July 28, 2010

life in general & financial markets: (part 1) india's obsession with diesel cars

(part 2 dated 14 november 2010 is here)

In India, ugly corruption among many politicians and bureaucrats and bribing by powerful lobbying car manufacturers, particularly the ones who also manufacture trucks and buses, has led to a dangerous obsession with diesel, a fuel that pollutes much more than any other fuel. Diesel fuel is priced artificially by government-controlled oil companies at a level much lower than petrol due to the dirty lobbying by diesel car manufactuers.

Looking at the pampering being given by India's government to diesel fuel, even supposedly-respected international car companies are joining the nefarious diesel bandwagon. Toyota's Indian subsidiary launched a diesel version of its Corolla Altis sedan pricing it at between Rs 11 lakh (Rs 1.1 million) and Rs 14 lakh (Rs 1.4 million). 

The Indian government is ugly and bad, but what about the affluent consumers of India? Should they be buying diesel cars, and particularly expensive diesel sedans?
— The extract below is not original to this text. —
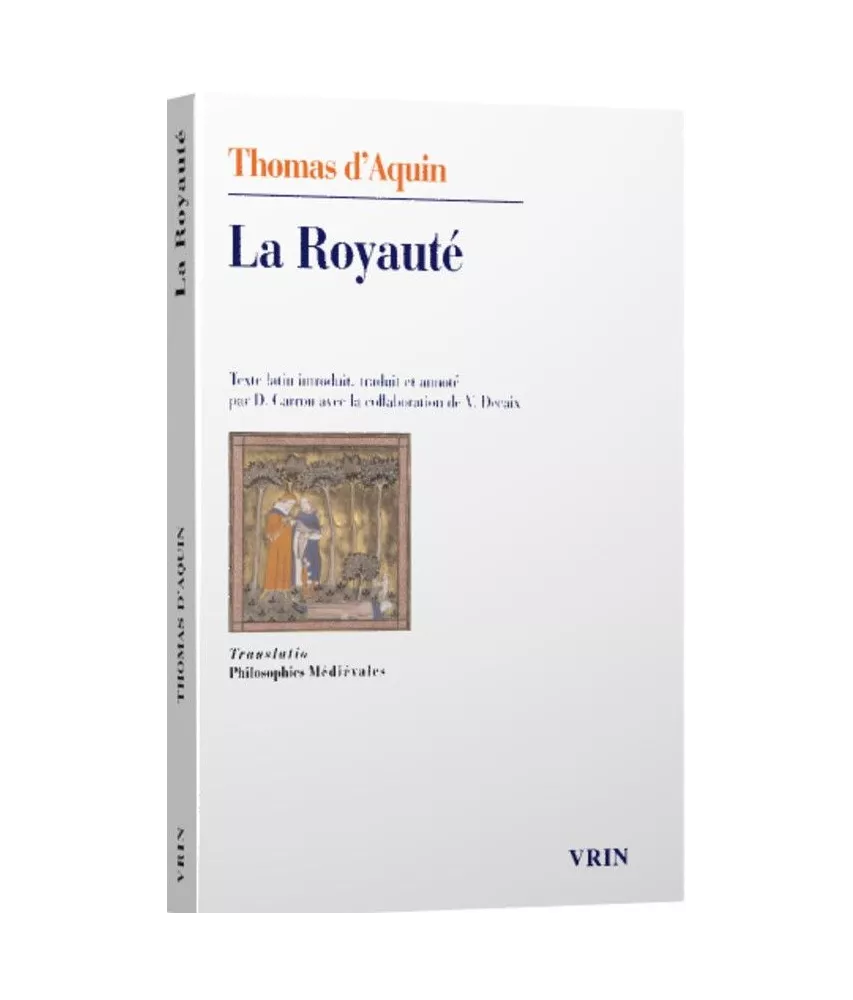 Saint Thomas d'Aquin - La Royauté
Diesel vehicles pollute the environment, primarily through higher emissions of nitrogen oxides and particulate matter, more than petrol vehicles and definitely far higher than CNG vehicles. In India, diesel prices are around 25 per cent cheaper than petrol and their mileage about 90-100 per cent more than petrol. Should this be the motivation for someone having Rs 14 lakh to shell out to buy a car, any car? Corolla Altis claims to give a mileage of about 21 kms a litre. The petrol Altis gives about 11 kms a litre mileage.

Most of those who can afford a Rs 14 lakh car will be staying in up-market city areas, where homes are far more expensive and very near to their workplaces. Let's assume a two-way distance of maximum 40 kms on workdays for such car commuters. To factor in long-distance weekend travel, let's assume a 40 kms per day travel for all days  of a year. That works out to 14,600 kms in a year. Covering this distance at 21 kms mileage, the diesel Altis will burn 695 litres of diesel and if you are in Bombay it will cost you Rs 29,200 at Rs 42 a litre for diesel. Similarly, at 11 kms mileage, the petrol Altis will burn 1,216 litres of petrol and cost a Bombayite Rs 68,100 at Rs 56 a litre of petrol.

The savings for the diesel car owner: Rs 38,900 a year. How much great this annual savings really is for someone who pays Rs 14 lakh to buy a car? Just 2.78 per cent. The question still remains whether 695 litres of diesel or 1,216 litres of petrol pollutes the environment more. Environmentalists express more concern at the damaging properties of nitrogen oxides emissions of diesel vehicles than they do for the CO2 emissions of petrol vehicles. Diesel prices are still kept subsidised as compared to petrol, otherwise the savings in a diesel car will be much lower and less litres of diesel consumed adding to less pollution in the air. In fact, CNG cars works out as the best alternative, both in terms of cost of running and harmful emissions released.